Saranno imposte pressioni per privatizzare i sistemi idrici e altri servizi pubblici e i prezzi dei farmaci per icanadesi cresceranno considerevolmente, con un costo di sino a 1,6 miliardi di dollari canadesi l’anno. Come è solito negli accordi di “libero scambio”, non ci sono limiti a chi o a che cosa costituisca un “investitore”. I diritti delle imprese sono delineati in centinaia di pagine, ma i capitoli che si occupano di lavoro, salute, sicurezza e ambiente utilizzano il consueto linguaggio provvisorio. Ad esempio, nel capitolo 21.7, “Le Parti si impegnano a collaborare e a condividere informazioni su base volontaria nell’are della sicurezza dei prodotti non alimentari”. Quando si tratta delle pretese dell’industria, tuttavia, i termini usati sono “devono” e “dovranno”.

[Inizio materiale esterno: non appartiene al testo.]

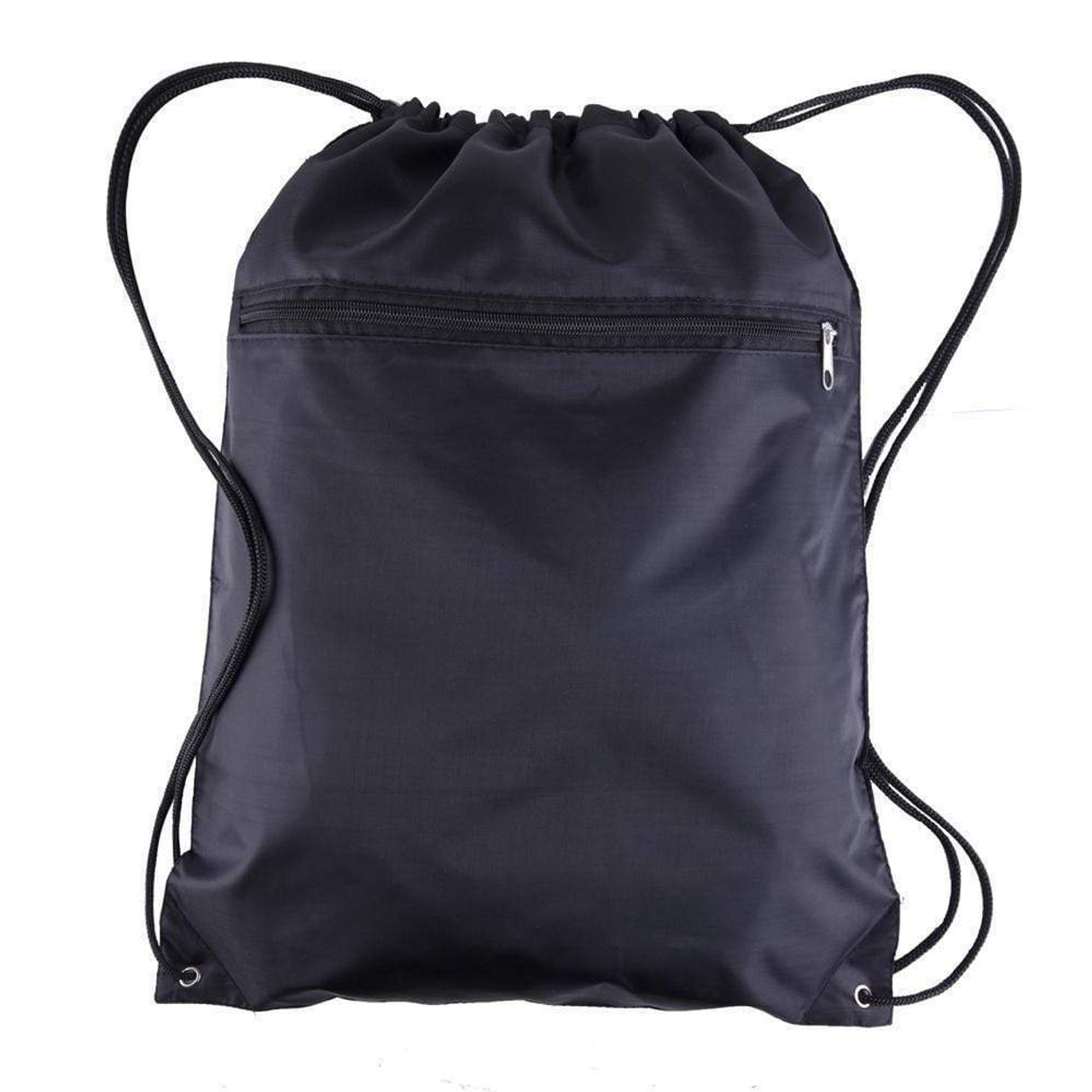 Black ELITE Drawstring Backpack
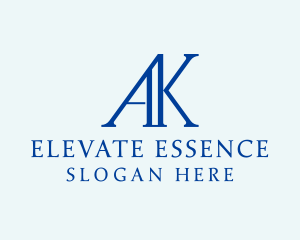 Letter AK Monogram Logo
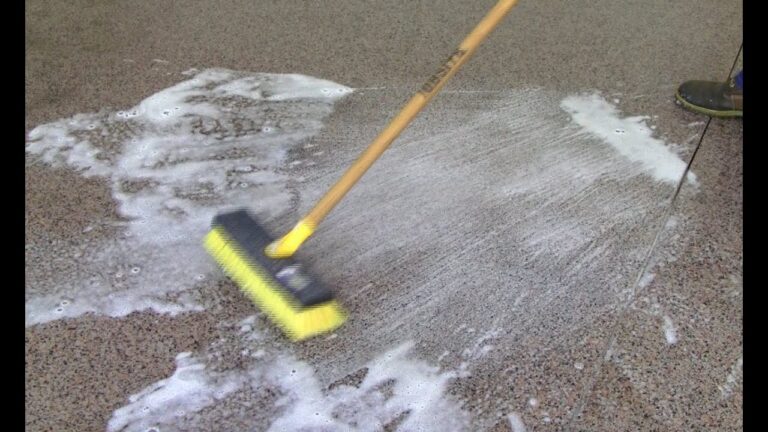 How to Clean Garage Floor Without Pressure Washer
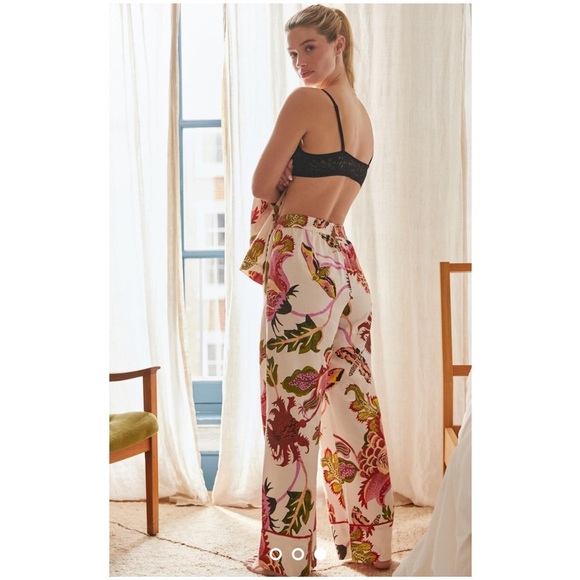 Raphael Balme for Anthropologie Flannel Sleep Pants New Pajama Pant XXS ANTHRO - Picture 2 of 12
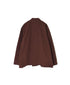 INHT2652D COTTON HERRINGBONE PLAIN OVERDYE STAND COLLAR DOUBLE BREAST JACKET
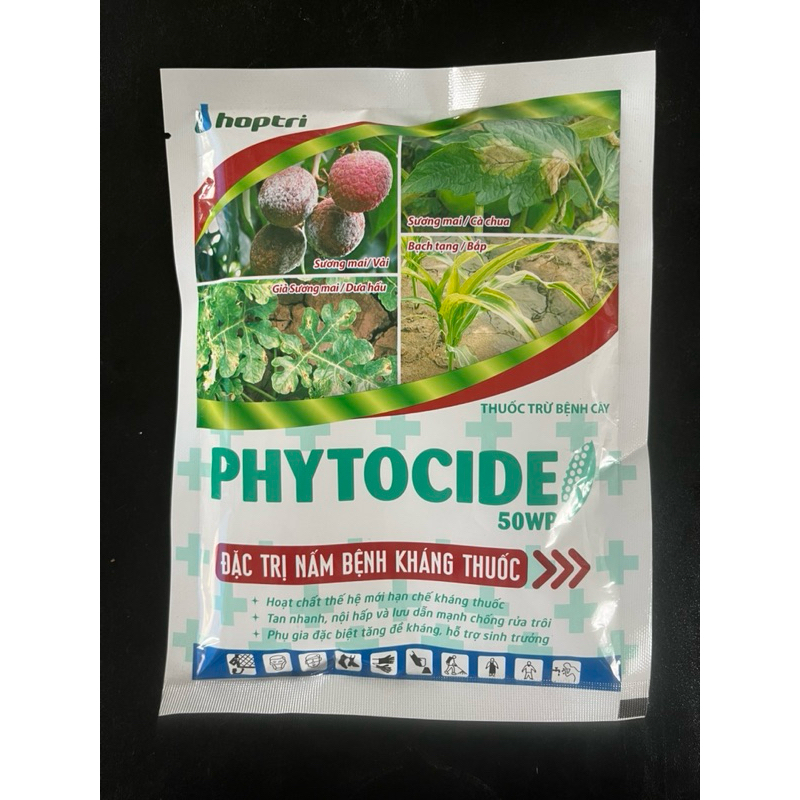 PHYTOCIDE 50wwp hợp trí (gói 80gr) Phòng Sương Mai/ Thán Thư/ Bã Trầu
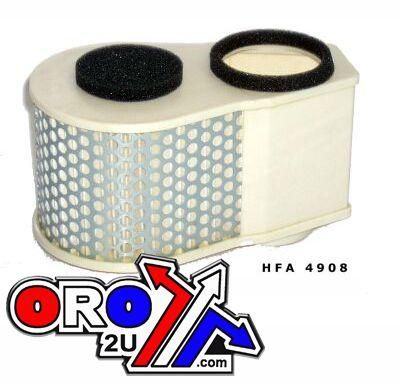 AIR FILTER HIFLO HFA4908 XVZ, 4NK-14451-00-00, XVZ13 96-02, YAMAHA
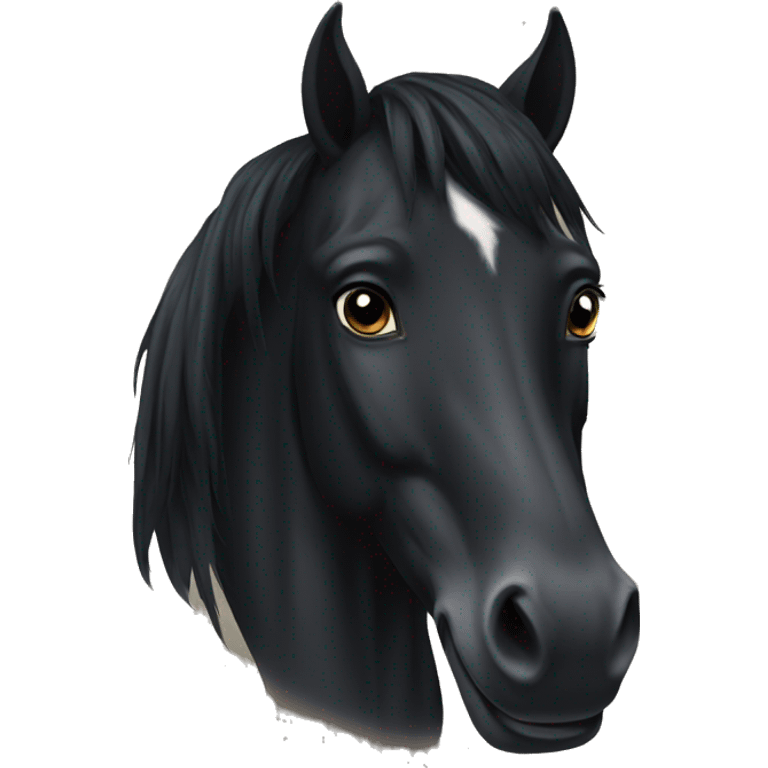 Black Horse  emoji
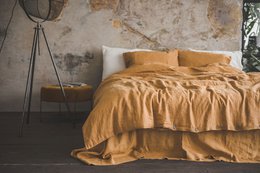Linnen beddengoedset voor VK/EU in verschillende kleuren en maten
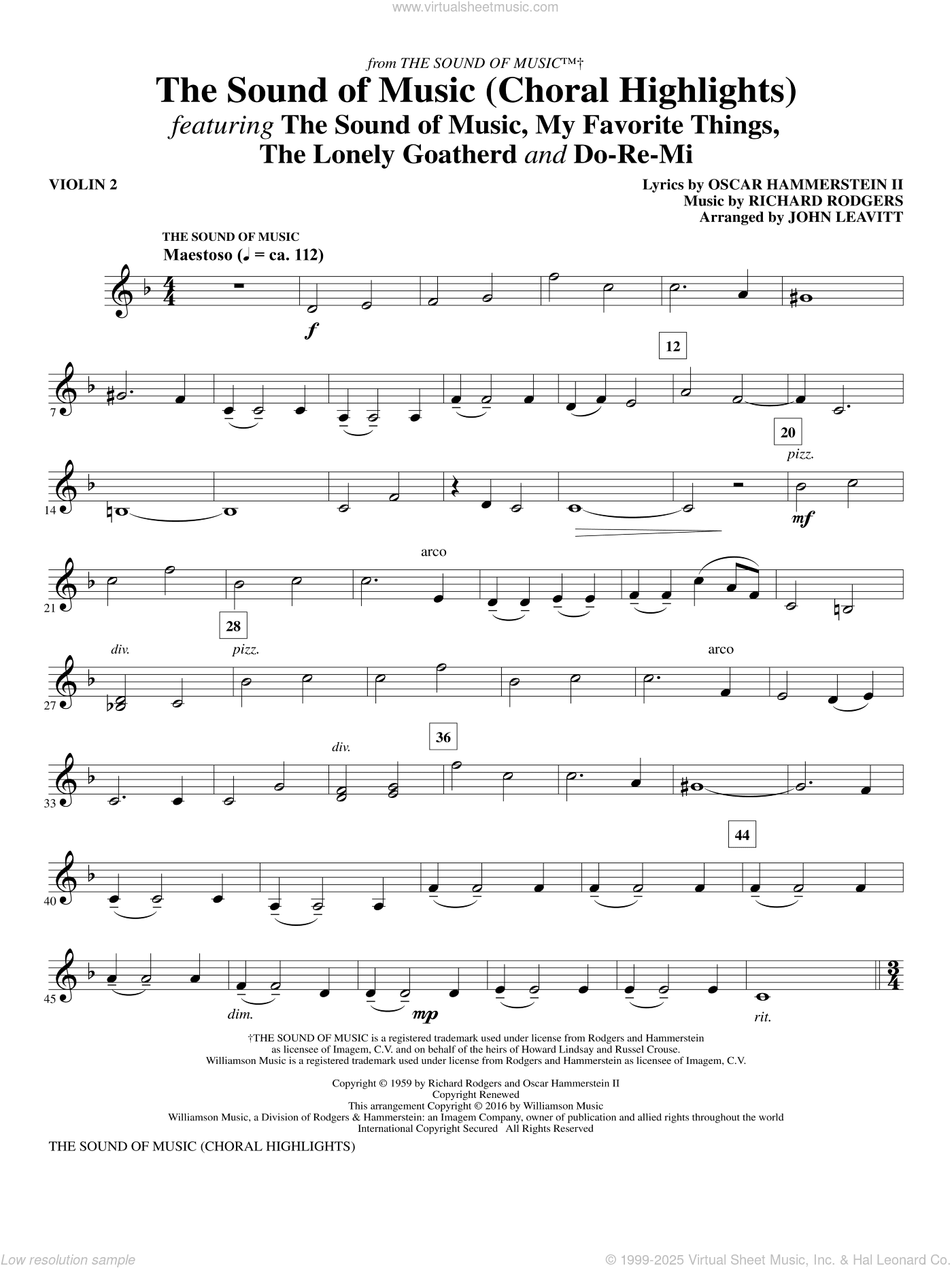 The Sound Of Music (Choral Highlights) (arr. John Leavitt)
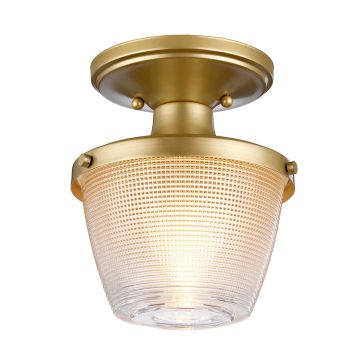 Elstead Lighting DUBLIN QZ-DUBLIN-SF-PNBR Lampă de tavan 1x60W/E27 IP44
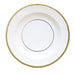 25 Metallic Round Paper Salad Dinner Plates with Textured Rim - Disposable Tableware DSP_PPR0011_8_WHTGD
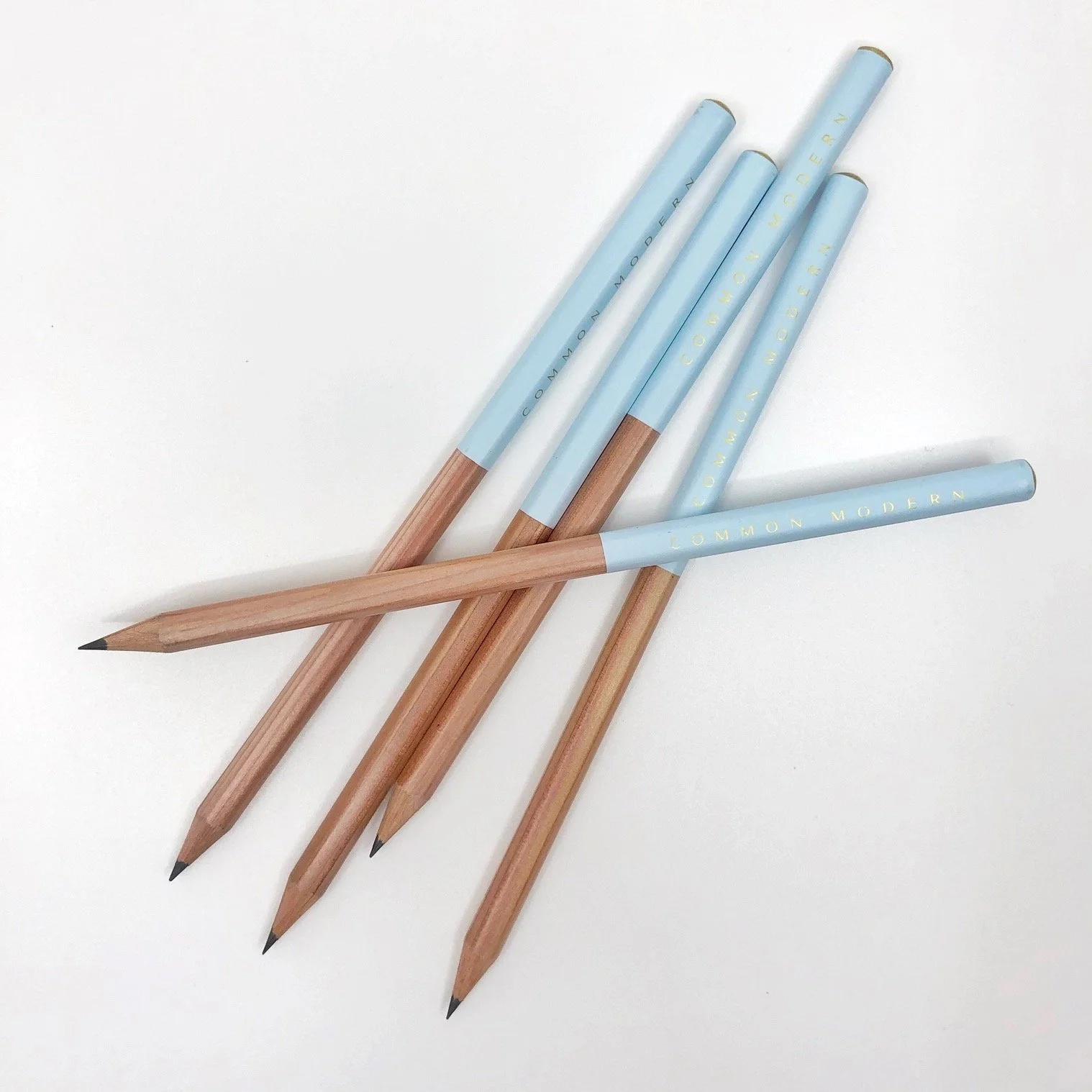 Common Modern La Moitié Pencils HB (Aquamarine Bundle)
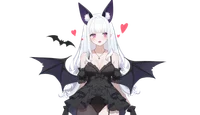 Live2D-модель Black & White Succubus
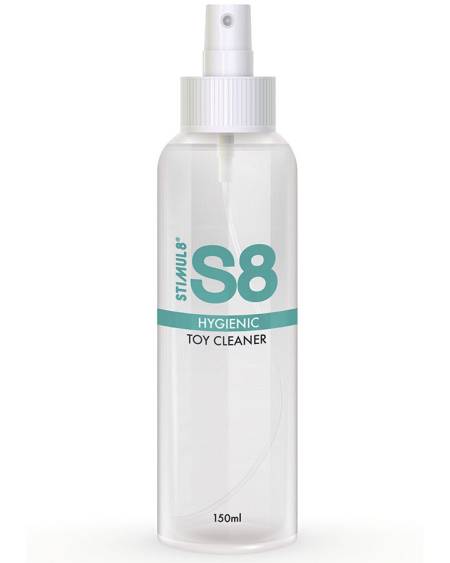 Limpador higiénico STIMUL8 para brinquedos íntimos, embalagem de 150 ml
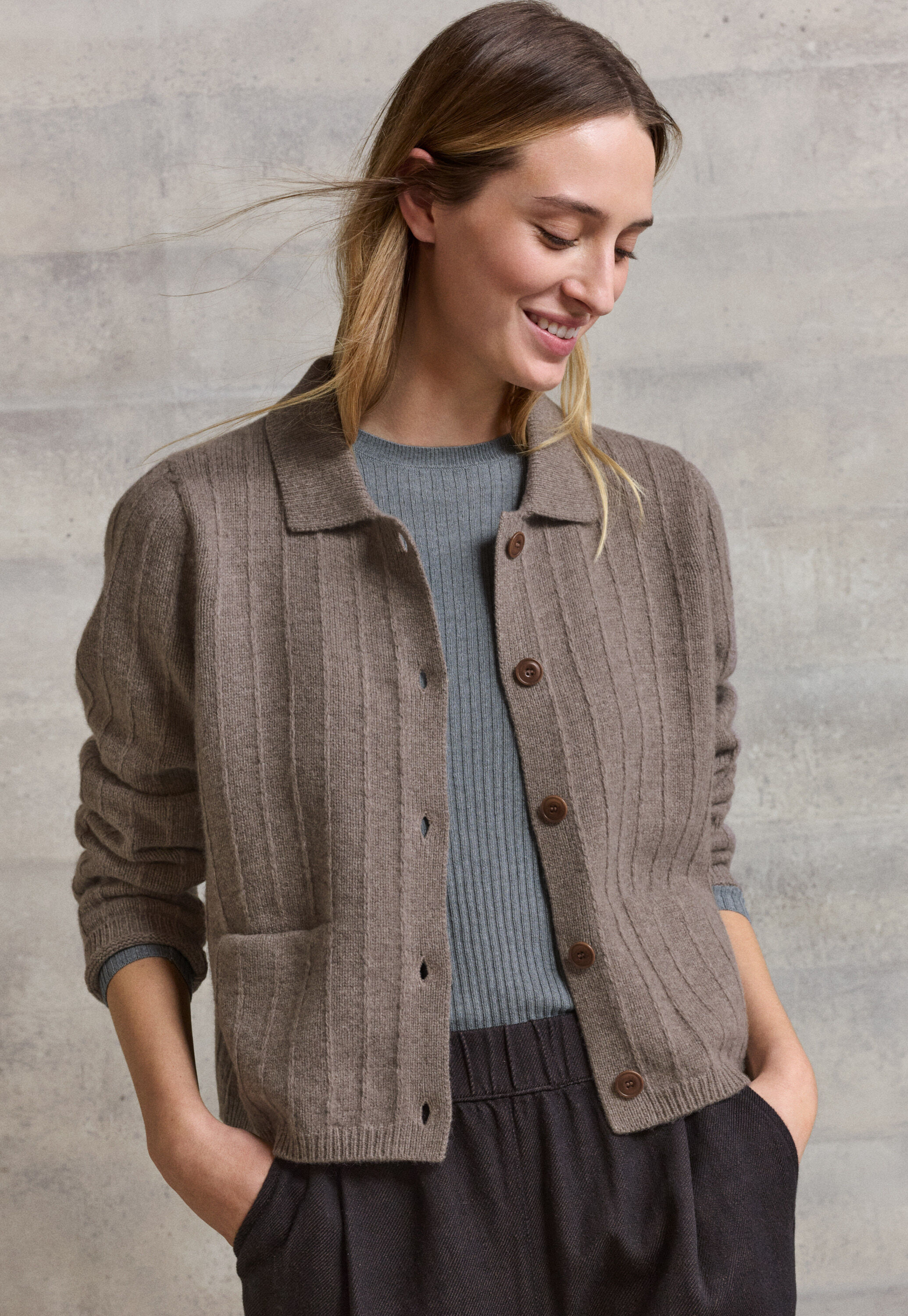 Edge-to-edge cardigan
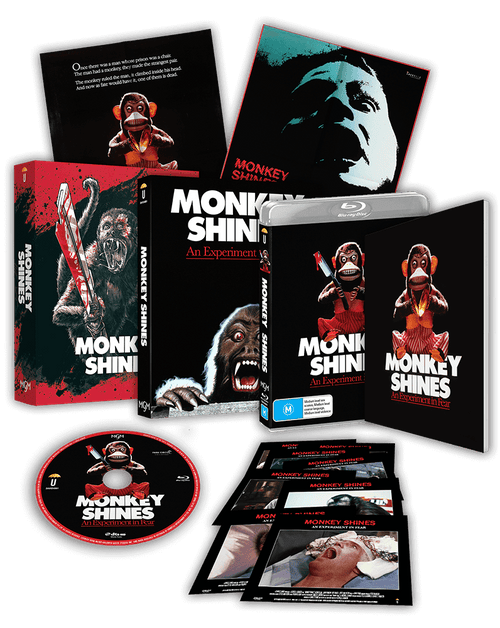Monkey Shines: An Experiment In Fear Collector's Edition (1988) (Blu-Ray +Book +Rigid case +Slipcase +Poster +Artcards)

Il CETA, come i suoi cugini TTP e TTIP, cementerebbe il diritto delle imprese multinazionali di dare ordini ai governi senza alcun intervento democratico. Ciò sarebbe irreversibile. Peggio ancora, l’approvazione del CETA darebbe nuovo impulso al TPP e al TTIP. Non abbiamo tempo da perdere.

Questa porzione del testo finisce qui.